Posted: Friday, September 06, 2002

ANCHORAGE - Three Western Alaska hunters have been charged with illegal moose hunting in a case that has heightened tensions in a region already anxious over the sensitive issues of tribal sovereignty, subsistence rights and moose management.

On Aug. 22, 50 to 100 residents of Tuntutuliak, a village of 370 near the mouth of Kuskokwim Bay, barred a state Fish and Wildlife Protection officer and two U.S. Fish and Wildlife Service employees from entering their village.

The officers, who were there to investigate allegations of moose poaching and to cite one hunter, were told they weren't welcome if they planned to enforce state and federal subsistence hunting regulations, a Tuntutuliak spokesman said.

The standoff was defused several days later when state troopers, including one fluent in Yup'ik, entered the village without incident, talked to tribal officers and eventually cited the suspect.

The Tuntutuliak incident began in mid-August with several anonymous phone calls from the village to the Bethel troopers office that moose had been poached near the village on the lower Kuskokwim River.

Wildlife trooper Matthew Dobson investigated the claims, and on Aug. 21 he flew to Tuntutuliak to serve complaints on residents John A. Daniel, 24, and John Pavila, 57. Each was charged with taking a cow moose out of season.

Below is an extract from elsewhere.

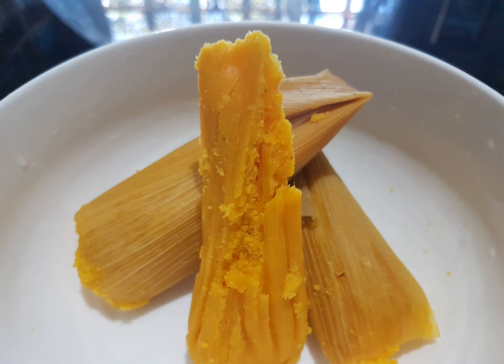Binaki or pintos is a type of steamed corn sweet tamales from two regions in the Philippines: Bukidnon and Bogo, Cebu. They are distinctively wrapped in corn husks and are commonly sold as pasalubong and street food in northern Mindanao and Cebu. It is sometimes anglicized as 'steamed corn cakes'.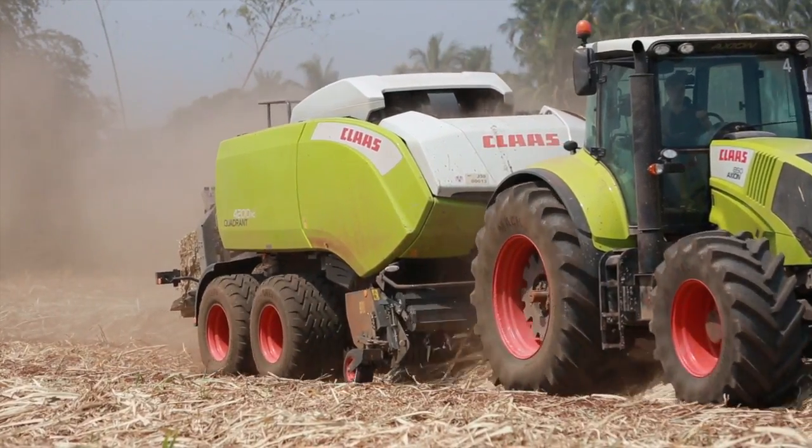Our pickup is very wide — 2.35 m — with an endless auger.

The state moose season on the lower Kuskokwim runs Sept. 1-30 and is for bulls only.

The following day, Dobson returned to Tuntutuliak to serve a third suspect. He was joined by two U.S. Fish and Wildlife Service employees. They were met on the beach by the Tuntutuliak crowd, Dobson said.

"Nobody was hostile toward me. It was a very passive deal," he said. But village officials handed them a notice from the Tuntutuliak Tribal Court forbidding the officers from entering the village if they were enforcing subsistence laws.

The officers accepted the message but said they would be back.

On Aug. 26, trooper Sgt. Charles Bartolini and trooper Jerry Evan, who speaks Yup'ik, flew to the village to meet with tribal officials.

Bartolini said the tribe's reaction to the first two citations was based on what the hunters had told village residents.

"What was related by individuals to the community and what really happened were two different things," he said.

Evan's translations helped make the facts clear, he added.

Officials cited Tuntutuliak resident James Jimmie, 58, for unlawful possession and transportation of an illegally taken moose.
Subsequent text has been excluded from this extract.